Stumped on what kind of business to start? Here are some of the best business ideas that target college students:

1. Organization merchandise

Sororities, fraternities, and other types of student organizations often distribute various kinds of merchandise to their members for representation and “brand” awareness. The most common type of merchandise that student organizations need are T-shirts with their name, logo, and (sometimes) slogans printed on the fabric. Thus, starting a T-shirt printing business can be highly profitable since you already have a list of viable clients in mind.

A T-shirt printing business does not require huge capital, but it can be expensive for an average college student. You would need a printing machine such as an auto-open or automatic heat press, a wide variety of T-shirt sizes and colors for samples, a laptop, and design software. That said, saving up a sizeable capital is a must if you want to pursue this type of endeavor—either that, or you can find other means of funding like personal loans or using your credit cards.

2. Proofreading and editing services

A large bulk of college assignments consists of essays, theses, term papers, and other types of written text. And for many students, proofreading is something that they simply do not have enough time (or skills) for. So, if you have a knack for finding faults in papers and editing them, offering your services to other students can earn you a pretty penny.

student entrepreneur

3. Errands

A lot of college students don’t have the time nor the energy to run errands regularly. These errands often include picking up dry cleaning, going to the post office, grocery shopping, dropping off recyclables, and filling the car with gas. That said, you can make doing errands for other people a highly profitable business, especially during the busiest parts of the semester where students are too busy studying.

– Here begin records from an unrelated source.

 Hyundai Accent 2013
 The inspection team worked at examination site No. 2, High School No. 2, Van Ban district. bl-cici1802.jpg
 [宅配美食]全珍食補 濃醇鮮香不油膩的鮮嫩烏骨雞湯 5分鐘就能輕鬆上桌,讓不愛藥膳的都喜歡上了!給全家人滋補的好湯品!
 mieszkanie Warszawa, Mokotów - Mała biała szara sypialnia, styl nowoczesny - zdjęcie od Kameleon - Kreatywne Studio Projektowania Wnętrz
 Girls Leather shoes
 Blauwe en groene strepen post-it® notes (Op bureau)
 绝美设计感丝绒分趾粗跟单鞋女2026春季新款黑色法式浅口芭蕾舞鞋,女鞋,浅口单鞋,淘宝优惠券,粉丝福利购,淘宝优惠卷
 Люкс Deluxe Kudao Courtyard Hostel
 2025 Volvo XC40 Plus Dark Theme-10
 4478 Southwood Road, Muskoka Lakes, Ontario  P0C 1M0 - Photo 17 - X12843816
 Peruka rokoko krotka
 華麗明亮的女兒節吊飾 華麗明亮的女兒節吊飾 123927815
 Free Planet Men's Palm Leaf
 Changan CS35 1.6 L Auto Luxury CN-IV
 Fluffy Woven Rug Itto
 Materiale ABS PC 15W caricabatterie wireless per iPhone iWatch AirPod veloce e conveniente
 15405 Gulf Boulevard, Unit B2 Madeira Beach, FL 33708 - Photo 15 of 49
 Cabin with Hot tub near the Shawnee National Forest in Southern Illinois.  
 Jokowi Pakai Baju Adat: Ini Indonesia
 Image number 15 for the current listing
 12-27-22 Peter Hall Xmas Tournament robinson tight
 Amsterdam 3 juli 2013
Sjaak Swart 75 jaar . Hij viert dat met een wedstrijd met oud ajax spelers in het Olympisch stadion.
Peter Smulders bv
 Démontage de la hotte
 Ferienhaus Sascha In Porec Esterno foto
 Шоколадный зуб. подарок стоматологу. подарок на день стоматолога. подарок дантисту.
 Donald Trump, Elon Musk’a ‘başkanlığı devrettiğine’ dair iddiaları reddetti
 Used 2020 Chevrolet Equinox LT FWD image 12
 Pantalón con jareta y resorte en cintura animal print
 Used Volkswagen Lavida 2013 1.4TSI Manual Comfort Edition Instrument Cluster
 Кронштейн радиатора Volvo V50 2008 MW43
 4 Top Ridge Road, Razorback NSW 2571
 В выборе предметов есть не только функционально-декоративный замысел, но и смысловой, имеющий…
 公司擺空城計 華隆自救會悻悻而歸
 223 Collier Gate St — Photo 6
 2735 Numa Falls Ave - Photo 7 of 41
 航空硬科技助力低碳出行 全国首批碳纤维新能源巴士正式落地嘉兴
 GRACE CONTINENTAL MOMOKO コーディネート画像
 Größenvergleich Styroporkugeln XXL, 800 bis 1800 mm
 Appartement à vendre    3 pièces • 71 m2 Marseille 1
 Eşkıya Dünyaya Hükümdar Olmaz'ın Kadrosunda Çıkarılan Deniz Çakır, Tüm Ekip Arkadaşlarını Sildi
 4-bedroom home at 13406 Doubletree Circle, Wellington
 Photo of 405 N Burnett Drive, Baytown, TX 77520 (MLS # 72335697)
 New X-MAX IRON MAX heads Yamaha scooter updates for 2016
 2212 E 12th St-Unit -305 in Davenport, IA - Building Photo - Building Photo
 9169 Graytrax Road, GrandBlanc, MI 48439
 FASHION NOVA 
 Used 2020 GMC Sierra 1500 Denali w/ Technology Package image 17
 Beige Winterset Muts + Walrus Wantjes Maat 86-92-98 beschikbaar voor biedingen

When it comes to pricing, it helps to get a feel for how much people are willing to pay for someone else to do their errands for them. You can do this by asking your target market to answer surveys, then basing your pricing off of the results.

4. Cleaning services

Just like running errands, most college students don’t like to clean frequently. A lot of them also live with roommates; a type of living set-up where it is not unusual for there to be constant battles of who does which chore and when. As a result, you can typically find college dwellings in varying states of uncleanliness and disorganization.

A cleaning business can be a saving grace for many college students. It requires little capital and only basic cleaning skills on your part. And if you actually enjoy cleaning, running your business can feel more like a hobby than a job. You can even offer after-party cleanup services to take care of the mess that students dread the most after a raging party the previous night—and most are willing to pay a significant amount for someone else to clean for them.

5. Dog-walking services

Not a lot of college students have pets, so dog-walking may be more of a side hustle than the main business. However, you can also offer your services to other residents where you live, and spending time with dogs can even be a great stress reliever from your studies.

6. Transcription services

It is rare for lectures to have a hundred percent attendance, and people miss class for various reasons. If you want to make money while attending your classes, why not transcribe your professor’s lectures and sell the notes to people who miss a class? You can even sell them to people who show up, too—your transcriptions can be better than the lecture notes they’ve taken in class.

Apart from turning a normal part of your routine into a business, doing so can also motivate you to attend all of your classes and listen closely to your lectures. Who knows? Maybe it will help your grades climb up, too.

These are just some of the student-centric business ideas that you can consider if you want to make money while in college. While they may not be long-term businesses, you can certainly save up money and build your skills for your future entrepreneurial endeavors.